As I’ve talked about recently, as a background task, I’m setting up a new Ubuntu server to take over the main file server, mail server, build server, backup server, web server, and you-name-it-server duties of my home office. It will eventually be taking over from a venerable Debian server, which was built on some old hardware left over from retired machines (except with 2 new mirrored hard drives) and has basically sat in a corner being rock-solid for years without me touching it, at least until the PSU failed (and was rapidly replaced), reminding me that I’ve been meaning to upgrade it for over a year. This machine does more things than I care to remember half the time, so without a huge amount of time to spare it’s taking me a while to bring its younger, upgraded, more power-efficient replacement fully online.
One of the things I wanted to move away from was my manually scripted backups. Under Linux backups are a generally simpler affair than on Windows; just tar & compress the file system, skipping a few folders like /proc and /tmp and you’re pretty much done, so I wrote a few simple scripts and left it at that, which has worked ok for a while, but as I started to want more complex backup strategies (different subsets sent to S3, etc), manually scripting everything was becoming tedious. I’d tried setting up Amanda before but found it a little overcomplicated for my needs (and reverted to scripts), so I decided to try Bacula this time.

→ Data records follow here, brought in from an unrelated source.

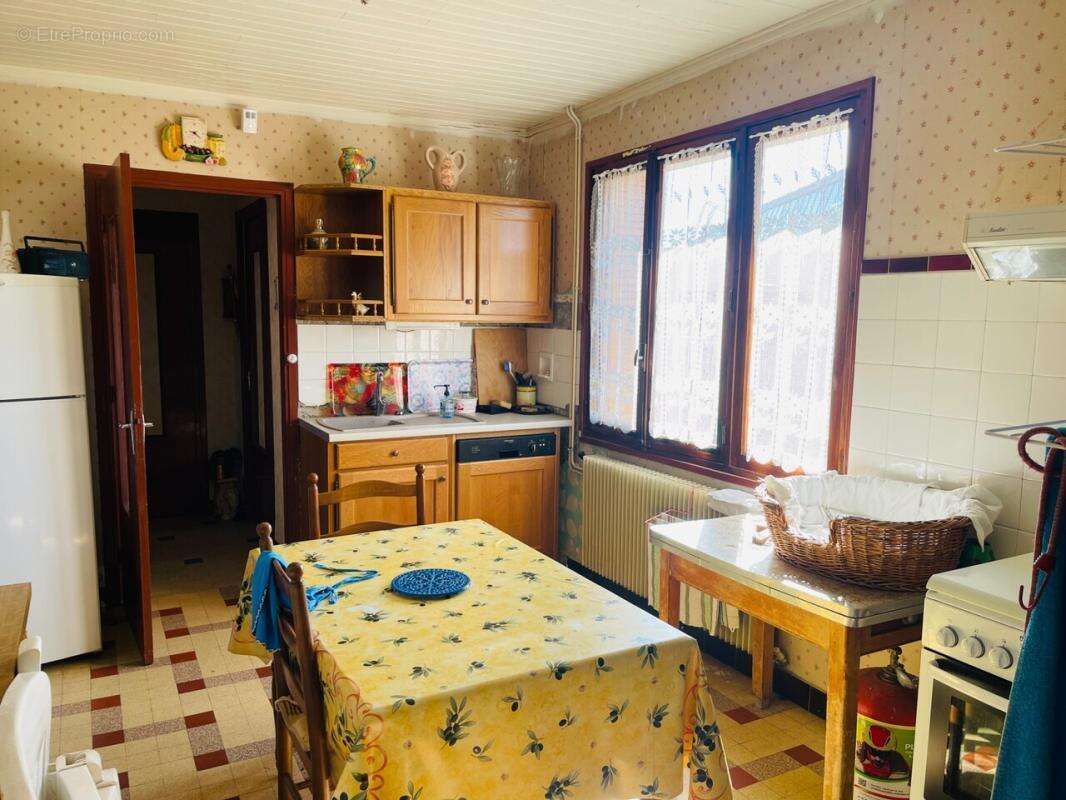 Maison à SAINT-DONAT-SUR-L'HERBASSE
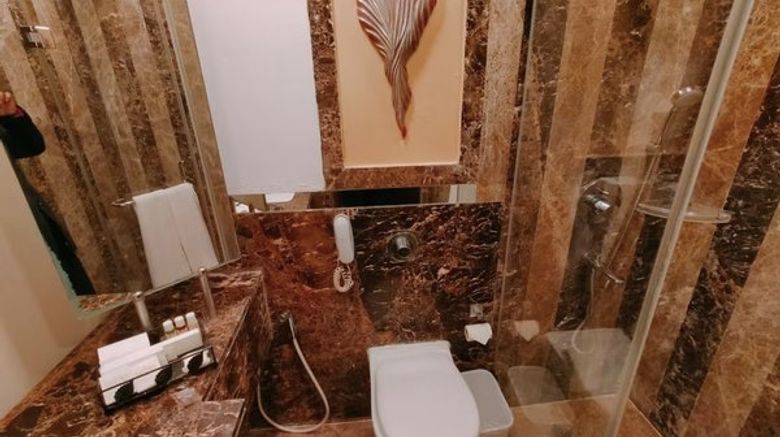 <b>The HHI Hotel Hindusthan International Room</b>. Images powered by <a href="https://www.leonardoworldwide.com/" title="Leonardo Worldwide" target="_blank">Leonardo</a>.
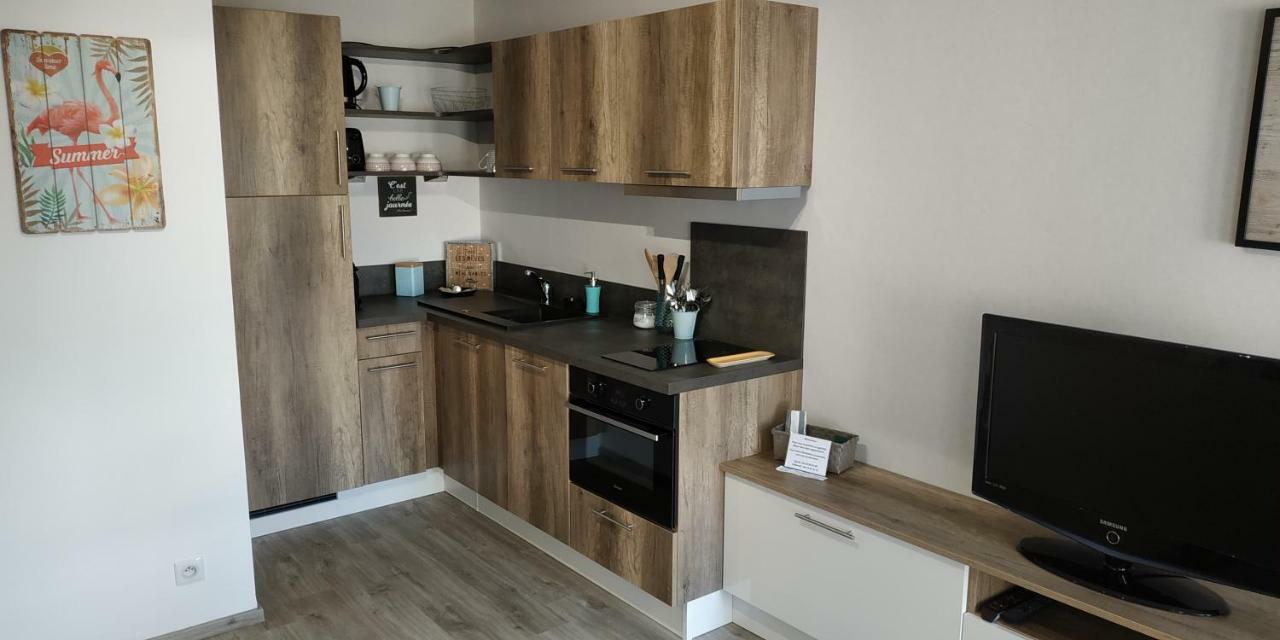Au Coeur De Port Frejus - T2 30 M² - Tout A Pied Bagian luar foto
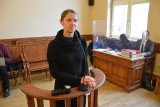 Proces za zmiany klimatu przed sądem w Piotrkowie. Monika Stasiak pozwała Skarb Państwa. Chodzi o zmiany klimatyczne i...złotówkę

In all it probably took me 3 evenings to get it set up the way I wanted, of which 2 were spent reading the Bacula manual and experimenting, and 1 was solely spent trying to get around an issue with mounting a remote drive on demand. I don’t use tape drives, because I think they’re overpriced and an unnecessary hassle for a small office setup; instead I send all my backups directly to a separate (RAIDed) NAS box, and replicate them to another machine for added resilience. I also upload a critical subset (encrypted) to Amazon S3 for emergency off-site recovery purposes; a removable external HD would be another option, but a) I’d have to keep taking it off-site all the time, and b) you’d really need 2 copies, because removable HDs are just not resilient enough unless they’re at least RAID1).

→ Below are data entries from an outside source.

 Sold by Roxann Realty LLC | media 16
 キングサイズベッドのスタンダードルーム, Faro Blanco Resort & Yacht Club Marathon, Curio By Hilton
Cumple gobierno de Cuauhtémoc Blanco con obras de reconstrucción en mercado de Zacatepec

The problem I had was getting the NAS box mounted on-demand for the backups; I do it over CIFS (Samba) - I could use NFS (since the NAS runs embedded Linux and has NFS support) but the nice thing about using CIFS is that I know I can redirect it to any machine in the office at any time if I need to, since everything supports it (including OS X and Windows), and I won’t start hitting new issues because of a protocol switch. Since we can’t rely on the NAS being mounted all the time (it may be taken offline from time to time), Bacula needs to mount it & unmount it on demand - this is what my manual scripts used to do. Bacula seemed to support this via the “Requires Mount=yes” option on the storage device, and being able to define mount and unmount commands, but I could never get this to work, despite trying for most of an evening (it would just complain about the device not being mounted, and seemingly not try to run the specified mount commands). In the end, I used a much better overall approach anyway, by using autofs to auto-mount the NAS box when a specific path is accessed, and unmount it after a period of no use. That solved the problem in Bacula (I could just point it at a path and let autofs handle the rest), and also meant it’s much easier to browse the NAS from this machine generally.
So, now I have it set up, I’m really quite pleased with it. It supports on the fly compression but does it per file (unlike how you would do it with tar, which is on the whole archive) which makes it a little more reassuring that you wouldn’t lose as much in the case of a limited data corruption. The backup schedules and volume recycling configuration are really very powerful, and they have features in there which make doing backups to disk systems rather than tapes very convenient. The visibility is generally a lot better than my manual scripts, restoring is easier, it’s easier to keep on top of the space used with the recycling, and it’s far easier to manage a ‘deeper’ full/incremental policy without making your restore process harder. Plus, I have a queryable log of everything (rather than just cron logs and notification emails) which feeds metadata into the restore process as you’d expect. Good stuff - all the kinds of features you’d expect from a commercial backup solution.
Since I don’t install X on my servers, I had to configure everything with a text editor rather than the GUI Qt tool (‘bat’), but really it wasn’t a big deal. Once you understood the concepts, the text configuration was really quite straightforward (and well commented), as most good Linux server apps are. Of course, I can run the GUI on my Windows or Mac desktops too, and configure the scheduler remotely from there. I haven’t tried that yet.
So far, Bacula seems like a great solution for small office backups.